*Exercise objective*. The answer is the data repeated in full, with no pictures included.

*The data*.

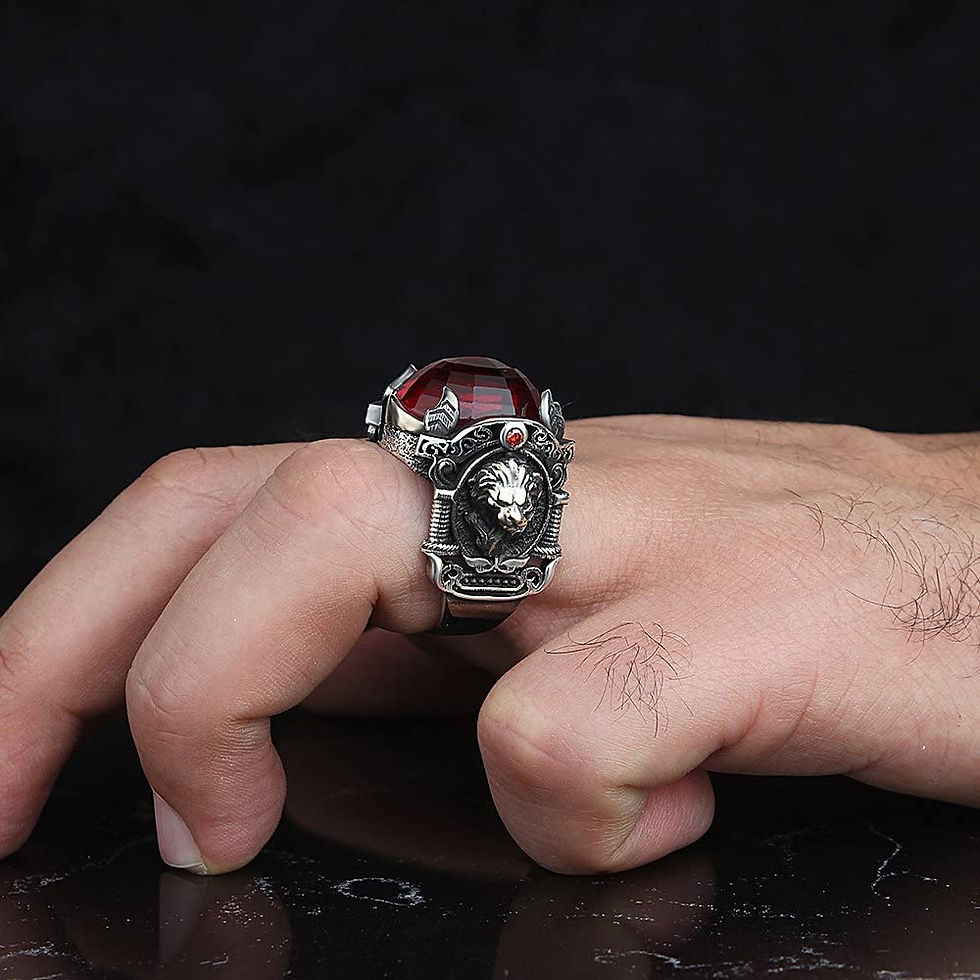 Thumbnail: Lion Model Ring-Zircon Ring-925k Unisex Silver Jewelry-Vintage Gemstone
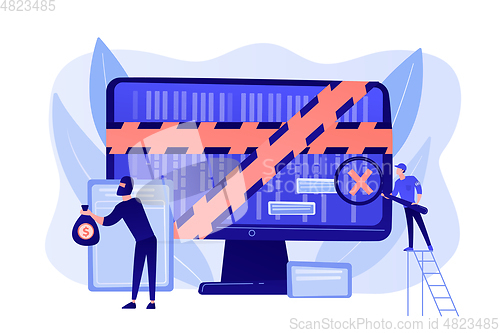 Image of Computer forensics concept vector illustration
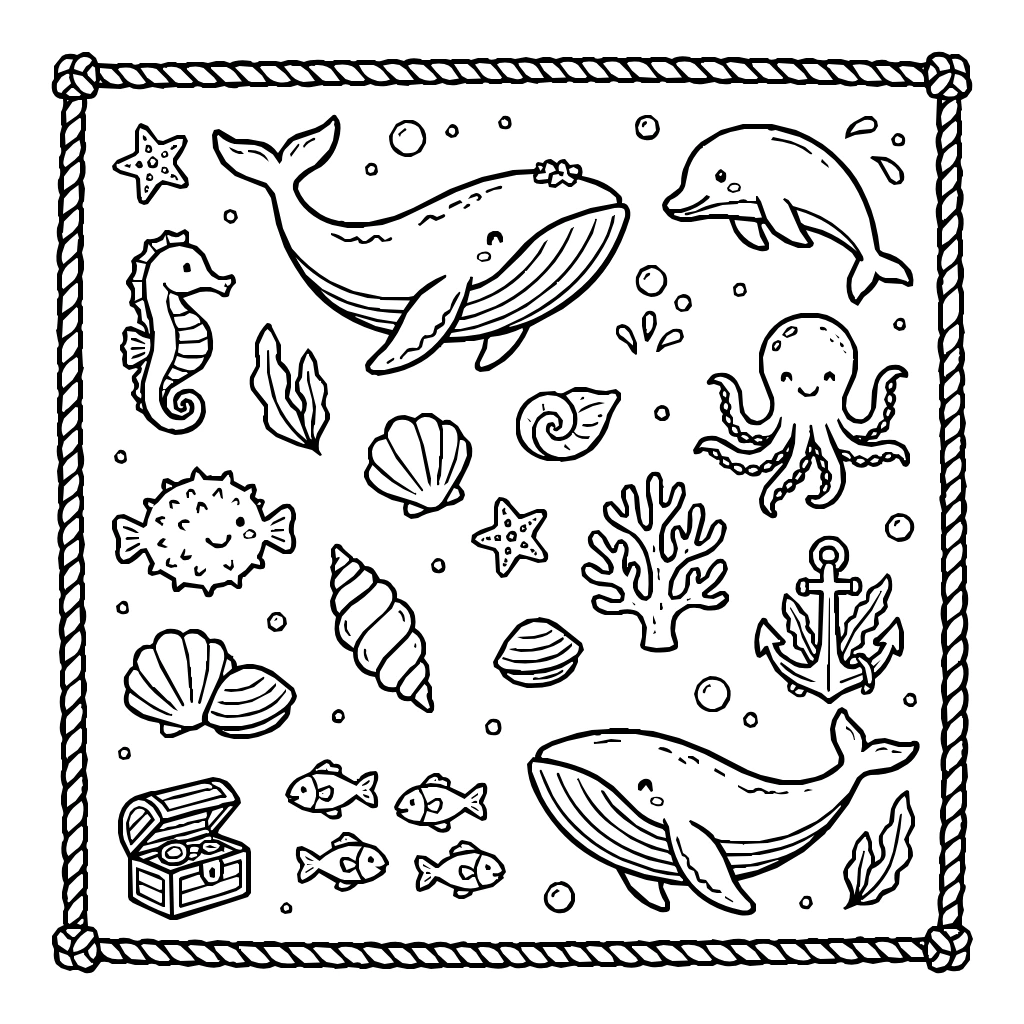 Whales And Dolphins World Set Coloring Page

*Response box*.
 Thumbnail: Lion Model Ring-Zircon Ring-925k Unisex Silver Jewelry-Vintage Gemstone
 Image of Computer forensics concept vector illustration
 Whales And Dolphins World Set Coloring Page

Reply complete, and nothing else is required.